Last year an Employment Tribunal followed the ruling in British Airways v Williams, holding that voluntary overtime should be included in the calculation of a worker's holiday pay.
The case is not yet binding but a recent Opinion from the European Court of Justice (ECJ) has now suggested that holiday pay should be based on average income including any commission.
This Opinion of an 'Advocate-General' of the ECJ conflicts with a 2002 decision of the Court of Appeal which ruled that, where the employee's pay did not vary with the amount of work done (e.g. where payment of commission was not based on the time spent but on the success or otherwise of his work), commission did not have to be included in the calculation of holiday pay under the Working Time Regulations 1998 (WTR).
Although the ECJ does not have to follow such preliminary Opinions, it usually does so.
The Advocate-General noted the previous ruling of the ECJ in the Williams case, that workers must receive "normal remuneration" for periods of annual leave. He concluded that commission which is directly linked to the work normally carried out by the individual under his contract of employment should be included in the calculation of holiday pay.

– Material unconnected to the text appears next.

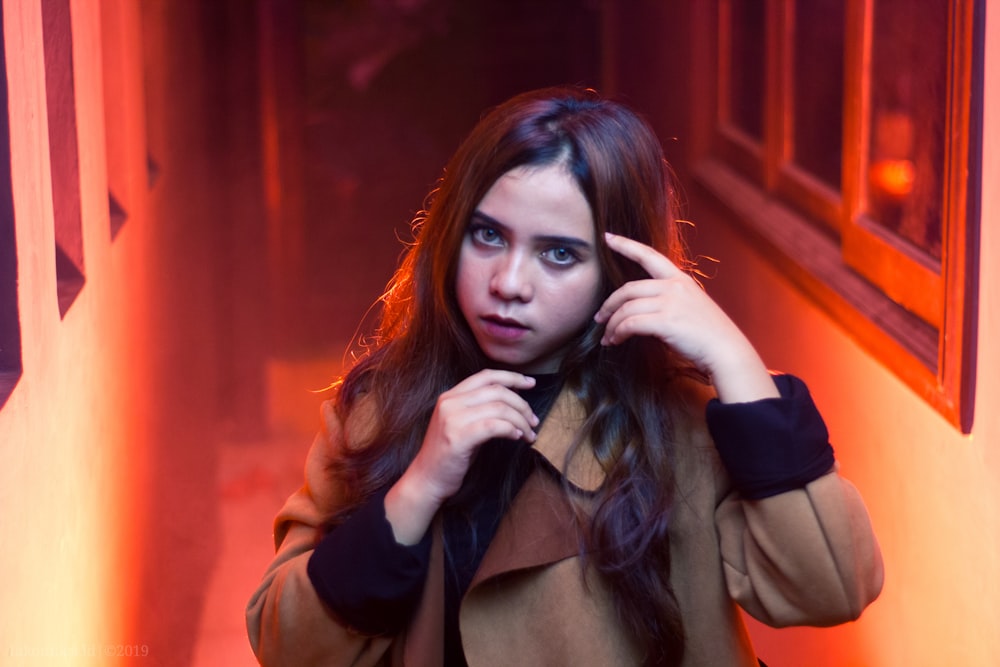 woman wearing brown coat standing while touching her hair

This is so even where the amount may fluctuate from month to month, as long as it is permanent enough to be regarded as part of "normal remuneration". Otherwise a worker might be deterred from taking annual leave as a result of the drop in income from that period.
The Advocate-General rejected an argument that the level of commission already took account of the fact that workers could not generate commission during holiday.

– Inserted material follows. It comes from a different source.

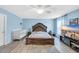 Bright main bedroom with hardwood floors, decorative rug, a large bed, and a television at 180 Weeping Willow Dr., Myrtle Beach, SC 29579
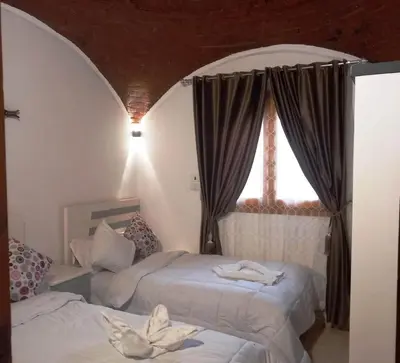 a bedroom with two beds in front of a window at Upper Egypt House in Luxor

This would be similar to the idea of 'rolled-up holiday pay' which is unlawful under EU law.
The Advocate-General concluded that it would be for national courts to determine what methods are appropriate to calculate the commission due, but suggested that taking average commission over a period of 12 months would be one solution.
This is very different to the 12 weeks reference period used under the WTR where there are no normal hours of work or where pay varies with the amount of work done.
If in due course the Opinion is followed by the ECJ, it will mean that the distinction between pay/commission which varies with the amount of work done, and pay/commission which varies with the outcome or success of the work done, may no longer be correct for the purposes of calculating holiday pay in the UK.